(Beginning of Source information)
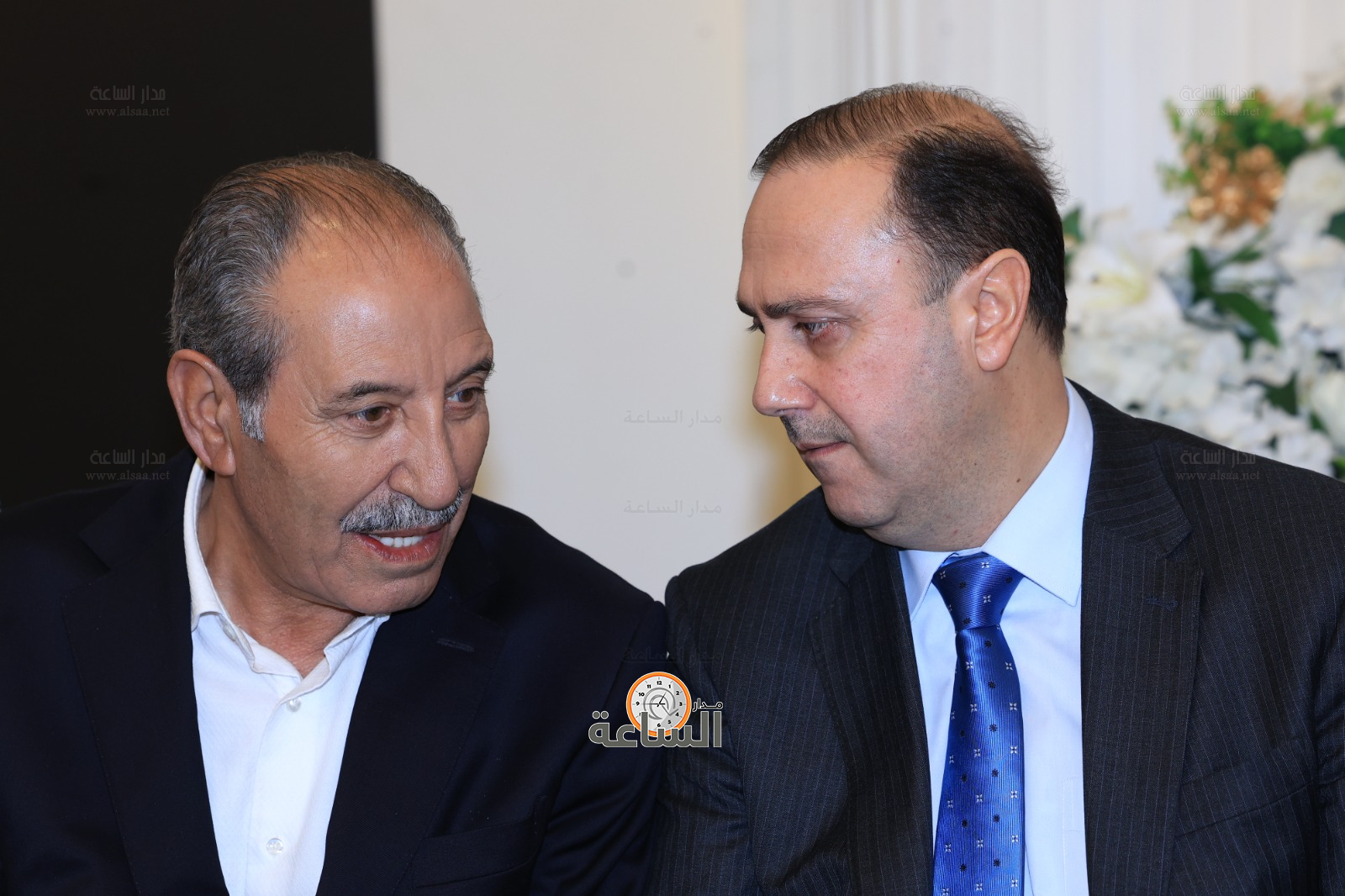 Madar Al-Saa Images 0.1639000644983868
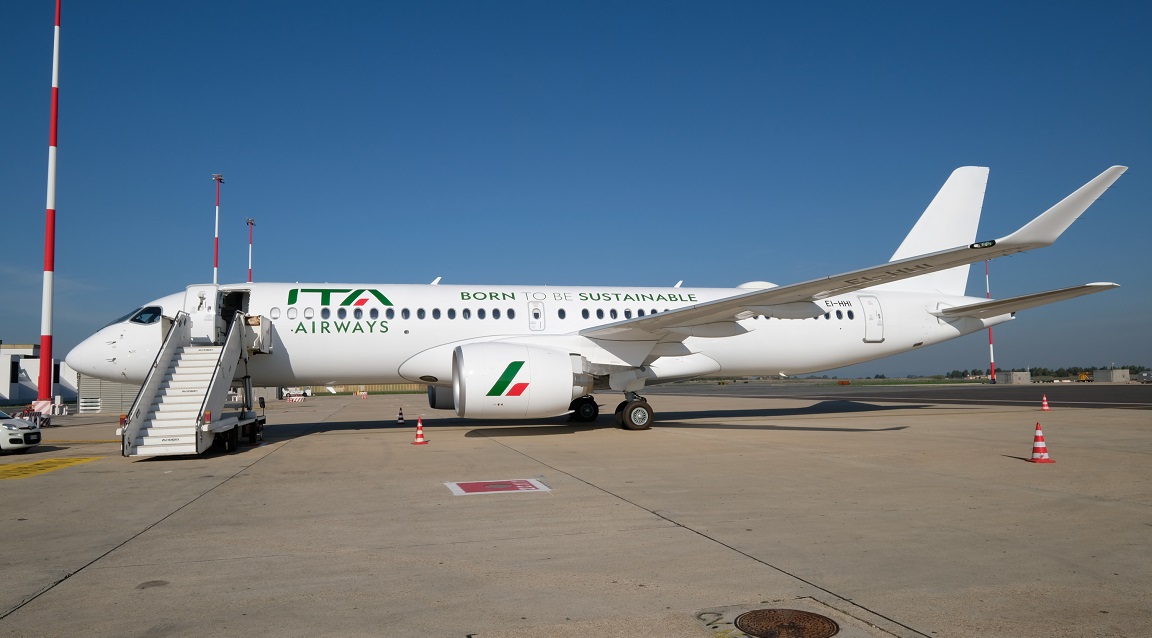 ITA Airways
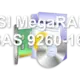 LSI MegaRAID SAS 9260-16i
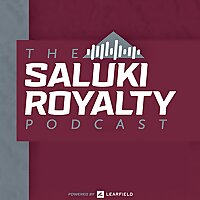The Saluki Royalty Podcast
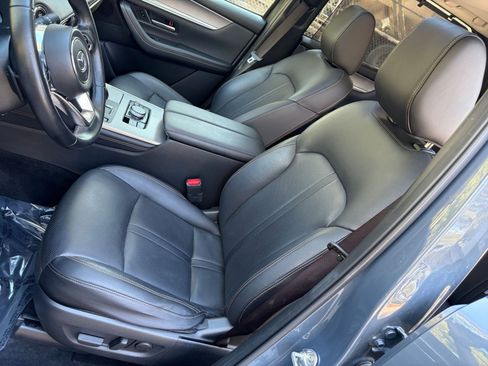 Used 2025 MAZDA CX-70 3.3 Turbo w/ Preferred Package image 33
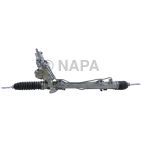 Rack and Pinion Assembly
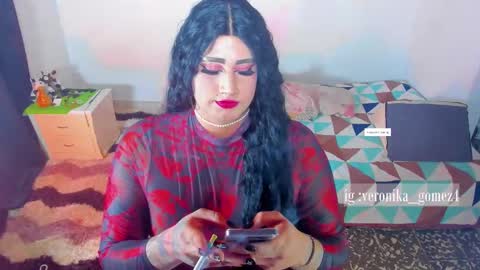 veronika ind online show from 02-06-26, 07:39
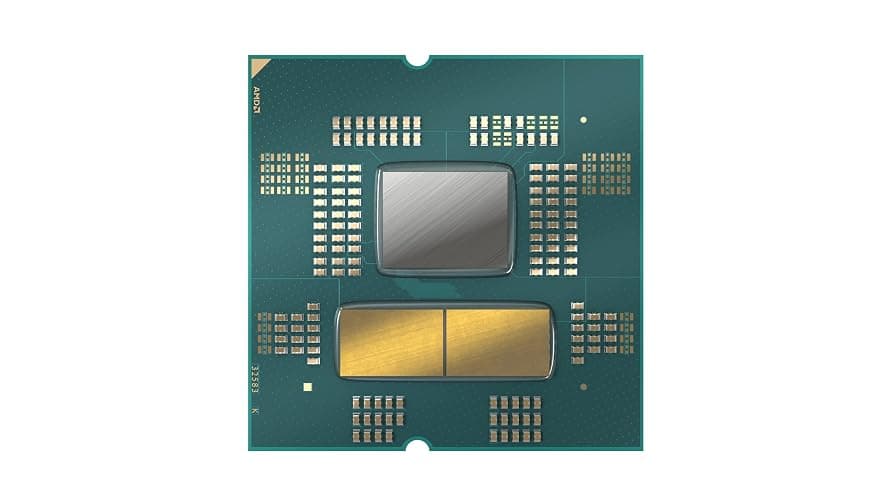 AMD Ryzen 7 7700X 8-Core, 16-Thread Unlocked Desktop Processor thumbnail 8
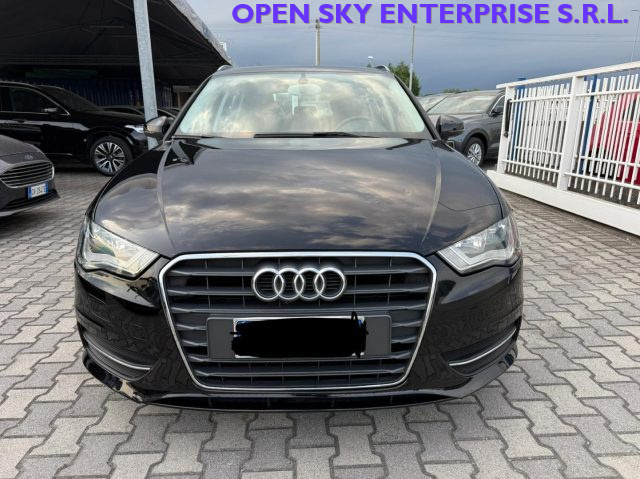 AUDI A3 usata, con Airbag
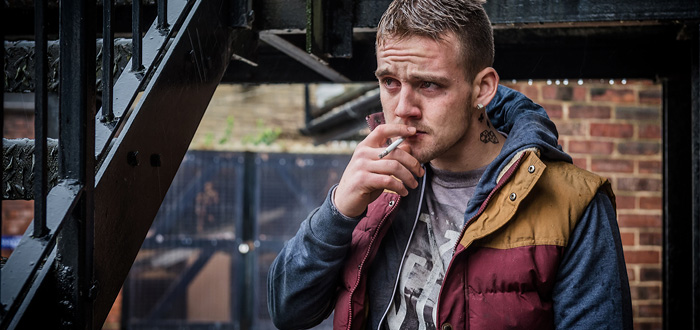 Happy Valley - Critique et présentation très enthousiaste de la série à suspense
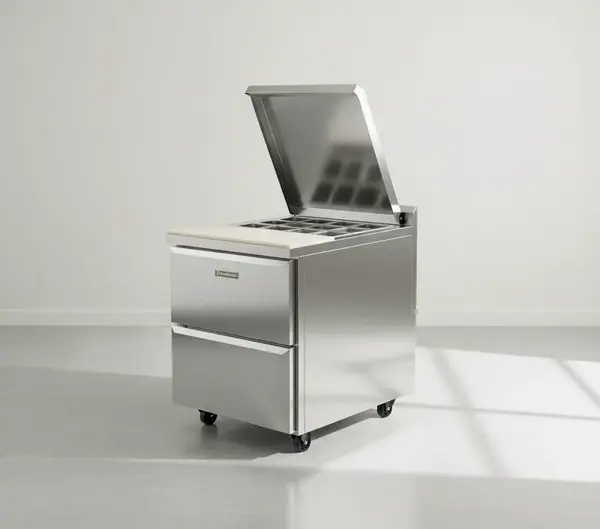 Traulsen UST3212-D-SB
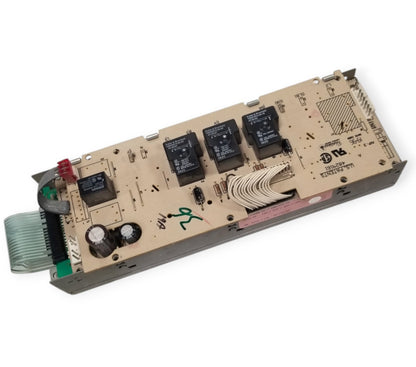 OEM Replacement for GE Oven Control 205C2195G012
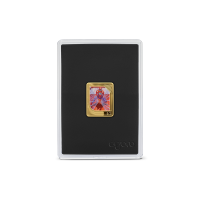 AGORO - Art of Marvel - Trading Coins 2026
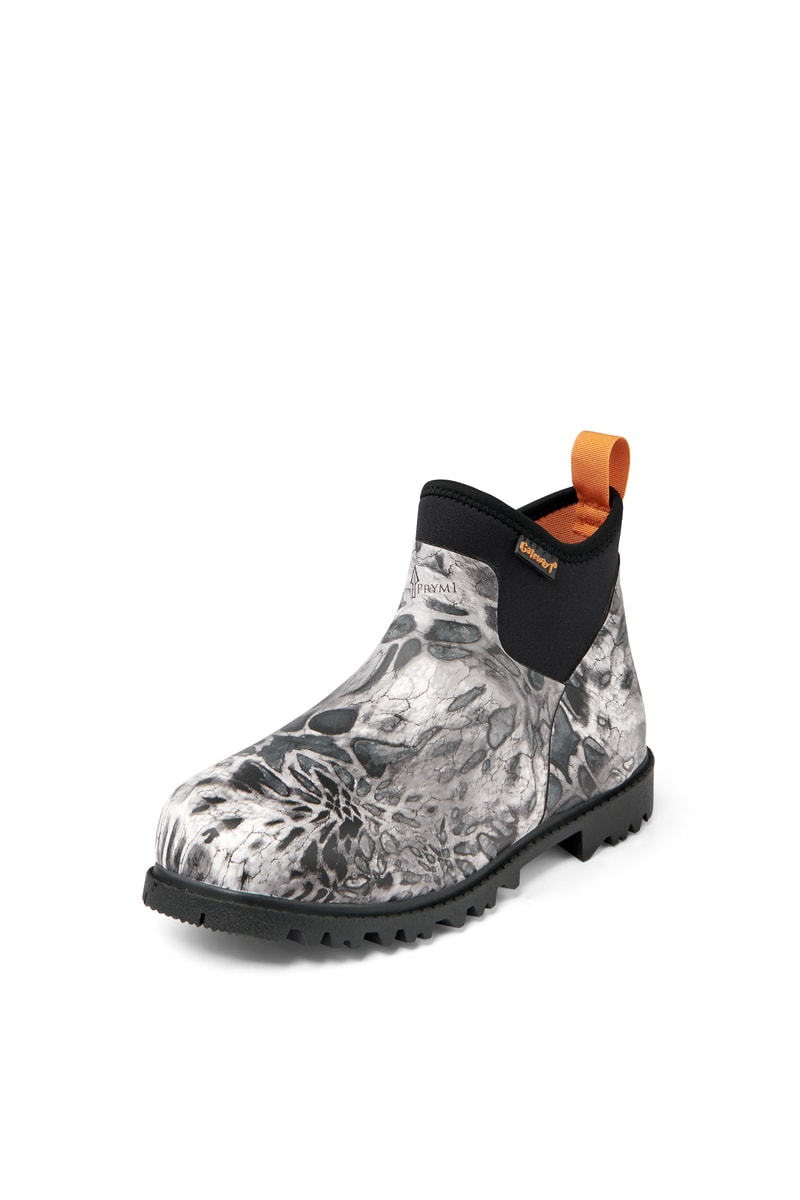 Gateway1 Ascot Lady 6" 3mm Gummistövlar Dam Slate Grey 43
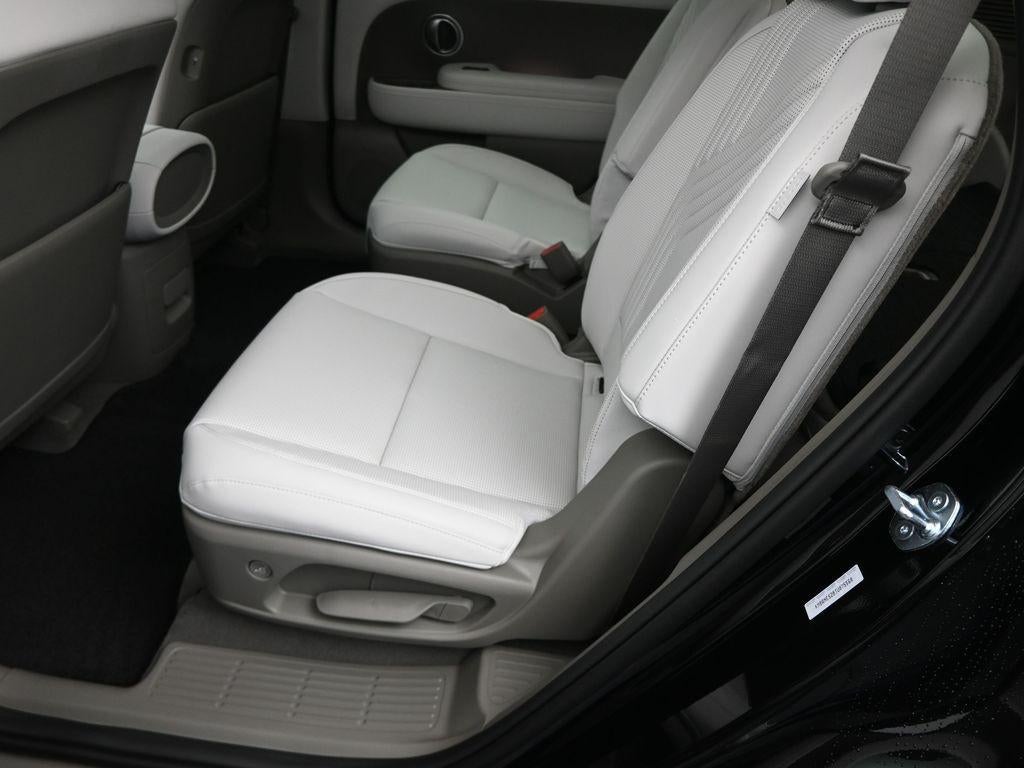 2026 Hyundai PALISADE SEL Premium 7 Passenger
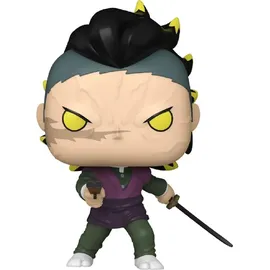 Funko Demon Slayer - Genya Shinazugawa (Demon Form) Sammelfigur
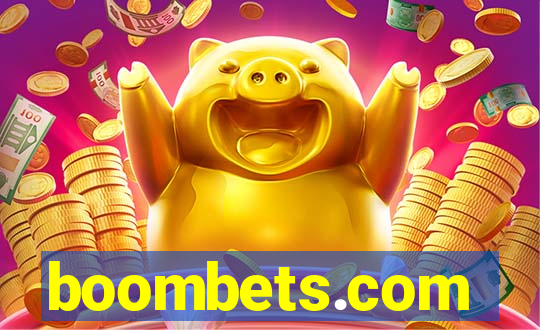 boombets.com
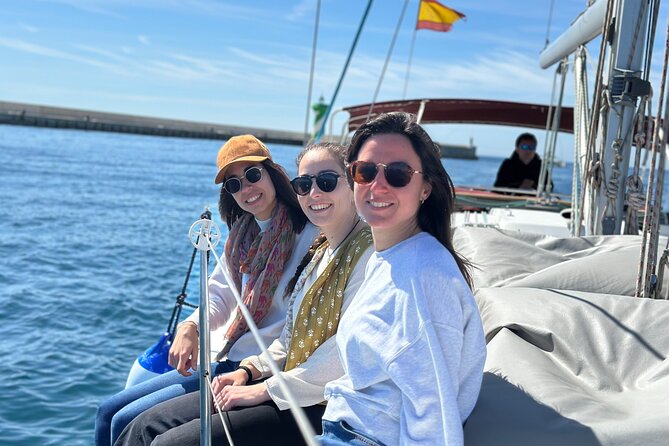 Ultimate Mediterranean Private Sailing Experience in Barcelona - What Lluís adds to the experience
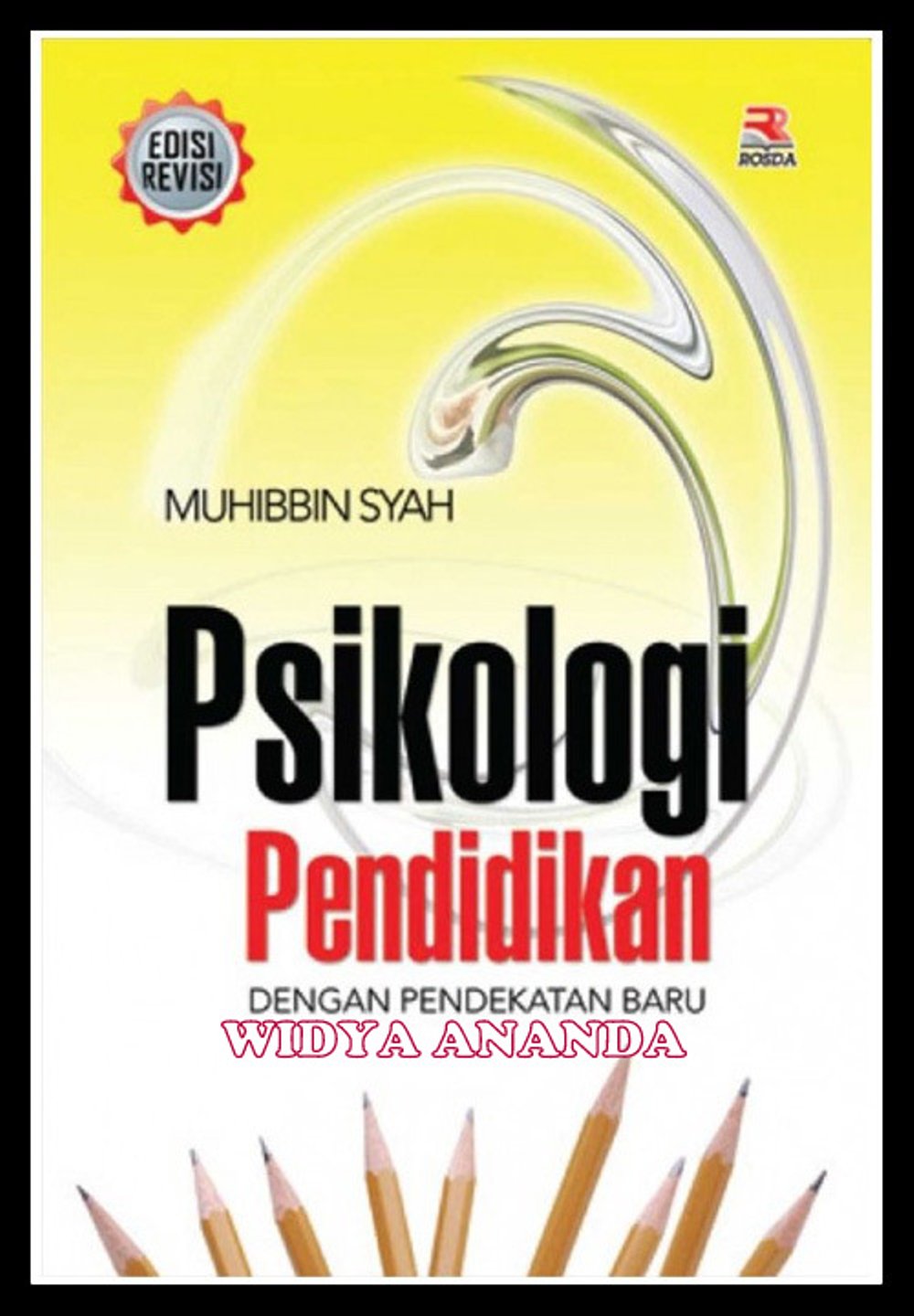 buku psikologi pendidikan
(End of Source information)
## [Exercise directions]
Reproduce the lines above letter for letter. The pictures stay behind.

## [Solution for this exercise]
 Madar Al-Saa Images 0.1639000644983868
 ITA Airways
 LSI MegaRAID SAS 9260-16i
The Saluki Royalty Podcast
 Used 2025 MAZDA CX-70 3.3 Turbo w/ Preferred Package image 33
 Rack and Pinion Assembly
 veronika ind online show from 02-06-26, 07:39
 AMD Ryzen 7 7700X 8-Core, 16-Thread Unlocked Desktop Processor thumbnail 8
 AUDI A3 usata, con Airbag
 Happy Valley - Critique et présentation très enthousiaste de la série à suspense
 Traulsen UST3212-D-SB
 OEM Replacement for GE Oven Control 205C2195G012
 AGORO - Art of Marvel - Trading Coins 2026
 Gateway1 Ascot Lady 6" 3mm Gummistövlar Dam Slate Grey 43
 2026 Hyundai PALISADE SEL Premium 7 Passenger
 Funko Demon Slayer - Genya Shinazugawa (Demon Form) Sammelfigur
 boombets.com
 Ultimate Mediterranean Private Sailing Experience in Barcelona - What Lluís adds to the experience
 buku psikologi pendidikan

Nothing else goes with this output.